[INTELLIGENT MACHINES]

Face2Emoji(classifying facial emotions using pretrained networks).

Description

This app tries demonstrated how a pretrained convolutional network can be retrained for classifying facial emotions in real time and how to integrate it to one's application.

The main goal of this project is to translate human emotions into a digital format. A pretrained xception model was used in this project where the last dense layers were removed and replaced by a custom layer for our prediction task. The Xception model was used because of its lower model size as opposed to VGG net but far better acuracy



Why Xception:

I originally heard about the xception model in this video by sentdex where he develops an AI system for a self driving car in the game gta5. Right from thr start i was sold on the model due to 2 reasons:

  • Smaller model size than inception v3
  • Far better acuracy than inception and other models with almost the same number of parameters.



The Dataset:

I decided to do this project when i was building a gesture recognition system but wasnt willing to use a large video dataset (cuz not a powerful gpu :P). The dataset i used for this task was the ck dataset which consists of 486 sequences of images from 96 people which created a total of 1000 images in total belonging to 8 emotions in total :
Anger, Disgust, Fear, Happy, Sadness, Surprise, Neutral and Contempt.



Training process:

The model was trained in keras with data augmentation for zoom and horizontal flipping and vertical rotation. The model was trained for about 1000 epochs using sgd optimizer and learning rate decay. In the end the model was stopped at training acuracy of about : 0.89 and validation acuracy of about: 0.60 which can be explained by 2 factors :

  • shortage of total number of training and validation samples
  • redundancy in the data, since the data was a sequence of change of emotions on different subjects, the last 3 images for every emotion were considered to be belonging to that class and the first 2 images were considered to be of neutral category, so there wasn't a lot of variation in the images.

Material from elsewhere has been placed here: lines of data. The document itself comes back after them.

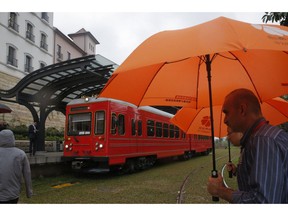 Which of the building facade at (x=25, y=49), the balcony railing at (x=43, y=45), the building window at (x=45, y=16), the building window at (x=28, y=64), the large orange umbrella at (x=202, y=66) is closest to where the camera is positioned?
the large orange umbrella at (x=202, y=66)

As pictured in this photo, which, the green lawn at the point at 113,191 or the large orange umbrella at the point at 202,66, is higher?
the large orange umbrella at the point at 202,66

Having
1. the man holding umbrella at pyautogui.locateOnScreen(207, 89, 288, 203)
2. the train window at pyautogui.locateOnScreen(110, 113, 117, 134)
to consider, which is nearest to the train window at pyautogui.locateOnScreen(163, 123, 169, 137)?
the train window at pyautogui.locateOnScreen(110, 113, 117, 134)

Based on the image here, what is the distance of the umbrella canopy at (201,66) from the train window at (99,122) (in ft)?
25.7

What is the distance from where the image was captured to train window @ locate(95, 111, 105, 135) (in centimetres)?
1202

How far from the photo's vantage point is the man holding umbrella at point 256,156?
1741 mm

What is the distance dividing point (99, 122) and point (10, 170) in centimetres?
777

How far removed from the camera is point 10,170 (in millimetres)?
4371

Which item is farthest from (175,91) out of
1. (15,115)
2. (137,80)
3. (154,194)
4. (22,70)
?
(22,70)

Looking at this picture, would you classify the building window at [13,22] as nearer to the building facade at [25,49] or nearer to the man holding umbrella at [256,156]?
the building facade at [25,49]

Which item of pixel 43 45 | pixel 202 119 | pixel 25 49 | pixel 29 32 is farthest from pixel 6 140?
pixel 43 45

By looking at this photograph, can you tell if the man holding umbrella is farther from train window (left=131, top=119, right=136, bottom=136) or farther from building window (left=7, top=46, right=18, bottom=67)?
building window (left=7, top=46, right=18, bottom=67)

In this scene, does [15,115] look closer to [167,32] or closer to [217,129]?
[217,129]

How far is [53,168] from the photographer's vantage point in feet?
42.7

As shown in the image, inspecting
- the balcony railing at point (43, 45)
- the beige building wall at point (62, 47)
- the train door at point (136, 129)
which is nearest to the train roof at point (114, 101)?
the train door at point (136, 129) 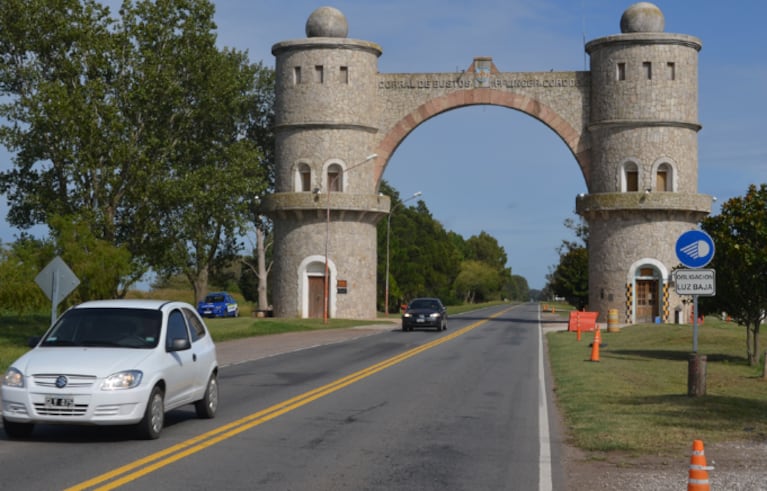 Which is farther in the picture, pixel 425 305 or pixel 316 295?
pixel 316 295

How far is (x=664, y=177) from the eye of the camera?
60688 mm

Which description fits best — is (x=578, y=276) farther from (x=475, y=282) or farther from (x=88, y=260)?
(x=475, y=282)

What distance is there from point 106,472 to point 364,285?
52.6 metres

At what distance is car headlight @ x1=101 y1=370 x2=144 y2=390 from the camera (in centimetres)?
1204

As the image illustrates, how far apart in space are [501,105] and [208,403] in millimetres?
49561

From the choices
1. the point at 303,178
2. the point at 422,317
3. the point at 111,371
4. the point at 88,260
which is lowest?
the point at 111,371

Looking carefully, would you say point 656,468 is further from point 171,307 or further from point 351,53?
point 351,53

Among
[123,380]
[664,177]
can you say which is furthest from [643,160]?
[123,380]

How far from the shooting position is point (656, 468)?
37.5 ft

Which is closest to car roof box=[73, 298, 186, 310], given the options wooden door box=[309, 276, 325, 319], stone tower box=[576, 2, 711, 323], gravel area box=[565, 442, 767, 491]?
gravel area box=[565, 442, 767, 491]

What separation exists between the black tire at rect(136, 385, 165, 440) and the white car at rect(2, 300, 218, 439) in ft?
0.04

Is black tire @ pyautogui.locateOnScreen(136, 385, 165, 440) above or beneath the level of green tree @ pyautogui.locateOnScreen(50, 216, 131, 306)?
beneath

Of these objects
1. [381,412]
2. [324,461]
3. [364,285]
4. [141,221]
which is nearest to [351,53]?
[364,285]

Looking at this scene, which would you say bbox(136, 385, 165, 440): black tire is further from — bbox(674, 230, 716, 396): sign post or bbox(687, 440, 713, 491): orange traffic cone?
bbox(674, 230, 716, 396): sign post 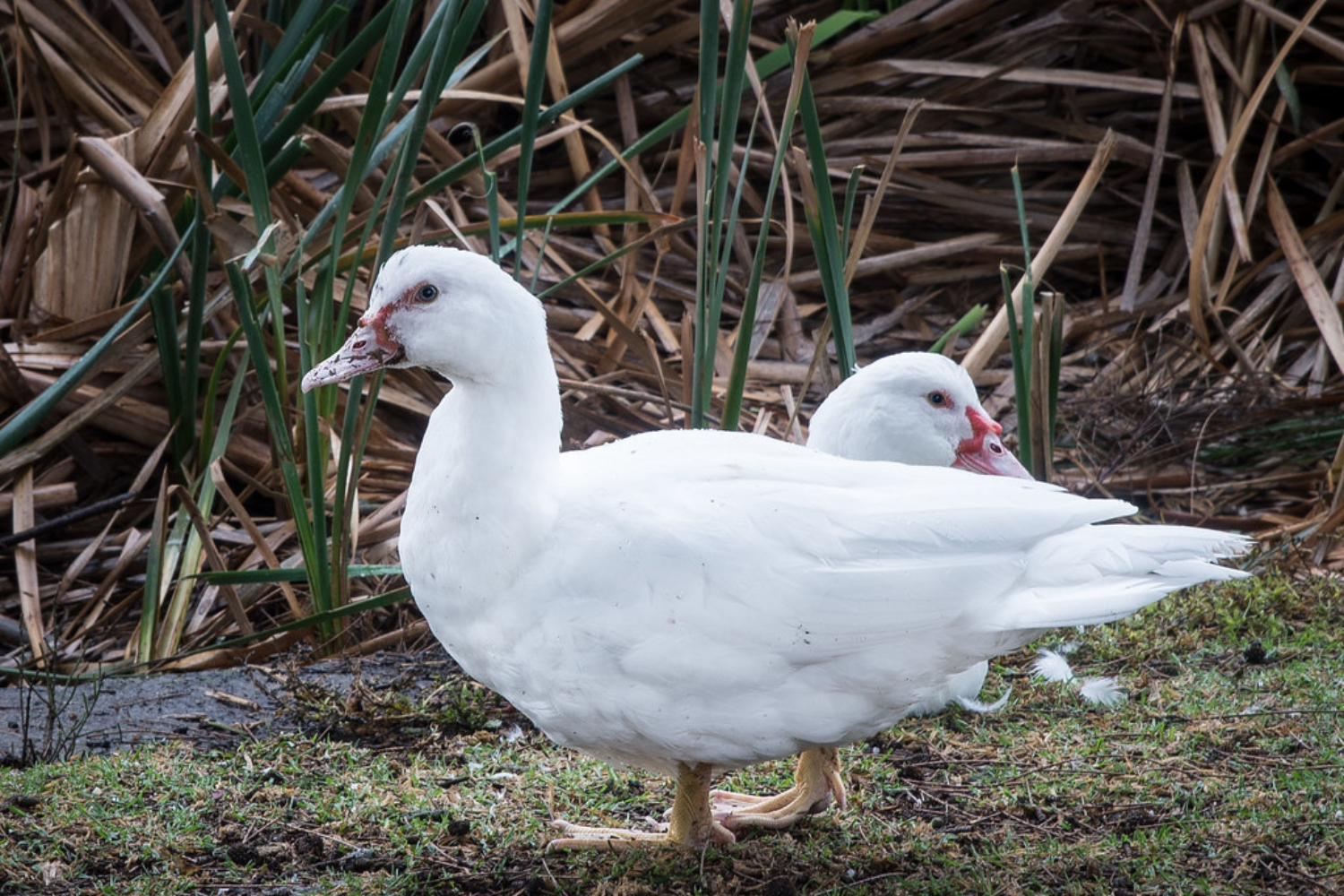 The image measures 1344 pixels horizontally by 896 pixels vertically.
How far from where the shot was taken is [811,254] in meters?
6.06

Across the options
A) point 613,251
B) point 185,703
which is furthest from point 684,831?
point 613,251

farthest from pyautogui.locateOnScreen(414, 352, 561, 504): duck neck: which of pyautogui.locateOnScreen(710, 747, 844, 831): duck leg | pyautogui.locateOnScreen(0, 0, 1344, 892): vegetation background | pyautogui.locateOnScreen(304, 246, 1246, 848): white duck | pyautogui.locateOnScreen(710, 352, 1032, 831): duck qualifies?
pyautogui.locateOnScreen(710, 352, 1032, 831): duck

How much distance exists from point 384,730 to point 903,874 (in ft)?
4.46

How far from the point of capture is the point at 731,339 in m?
5.36

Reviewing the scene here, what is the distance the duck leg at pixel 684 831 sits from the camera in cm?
263

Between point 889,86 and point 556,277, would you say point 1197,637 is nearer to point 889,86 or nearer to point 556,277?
point 556,277

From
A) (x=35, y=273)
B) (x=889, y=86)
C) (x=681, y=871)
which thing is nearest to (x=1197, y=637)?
(x=681, y=871)

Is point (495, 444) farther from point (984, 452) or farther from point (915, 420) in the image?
point (984, 452)

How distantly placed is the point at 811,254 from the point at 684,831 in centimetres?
380

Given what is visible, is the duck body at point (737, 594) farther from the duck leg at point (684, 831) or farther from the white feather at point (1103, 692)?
the white feather at point (1103, 692)

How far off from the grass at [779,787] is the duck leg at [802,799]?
0.04 meters

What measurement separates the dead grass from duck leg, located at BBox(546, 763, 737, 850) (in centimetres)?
138

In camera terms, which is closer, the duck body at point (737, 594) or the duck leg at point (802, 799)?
the duck body at point (737, 594)

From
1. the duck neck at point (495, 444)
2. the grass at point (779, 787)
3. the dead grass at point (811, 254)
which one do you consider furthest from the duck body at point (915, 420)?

In addition to training i wrote a small script which generated real time detection using the webcam of the laptop and even though acuracy wasnt that high while training, the predictions were pretty acurate most of the time.
I thought of implementing a tensorflow js implementation for detection in the browser itself, but currently steered clear of that due to large size of the model (small, comparitively to other models) and not wanting a proper server to store and host the model just for one project.